The answer must consist solely of the lines from the line with "Converse Pearl Grey Print Low-Top Sneakers" to the end of the data below, transcribed exactly and with no pictures.

#### Provided data ####

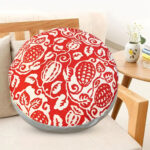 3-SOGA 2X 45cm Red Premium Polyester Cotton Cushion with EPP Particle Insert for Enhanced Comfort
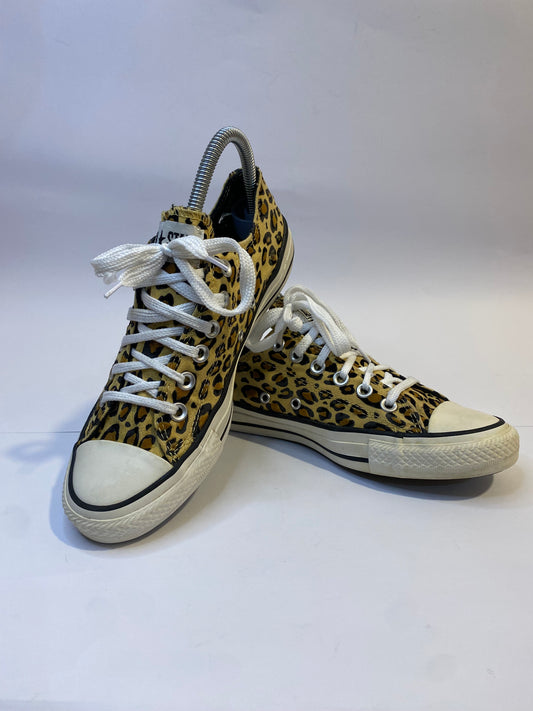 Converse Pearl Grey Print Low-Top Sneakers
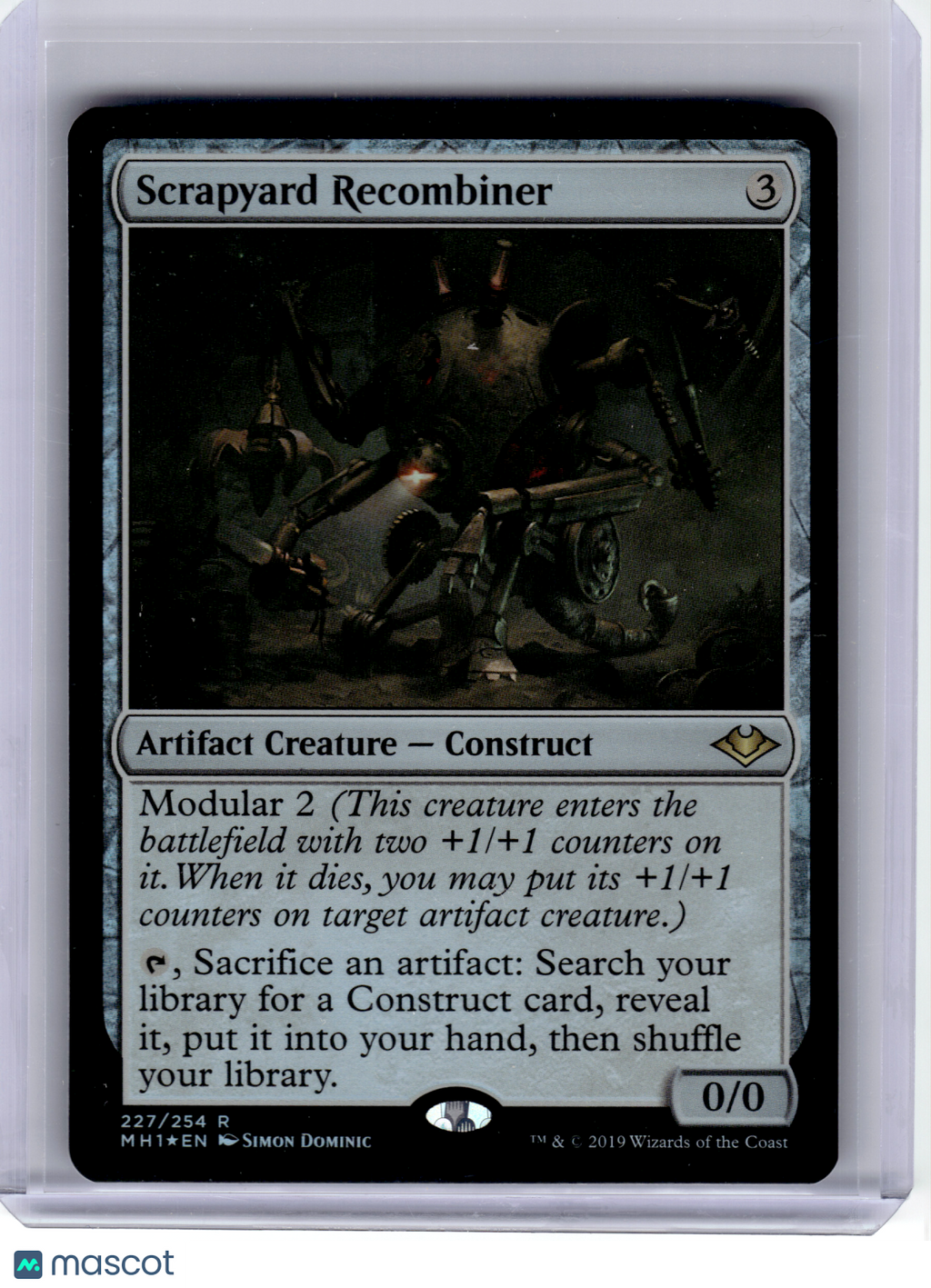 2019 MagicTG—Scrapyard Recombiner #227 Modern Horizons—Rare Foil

####

▶ [Output of the exercise]:
 Converse Pearl Grey Print Low-Top Sneakers
 2019 MagicTG—Scrapyard Recombiner #227 Modern Horizons—Rare Foil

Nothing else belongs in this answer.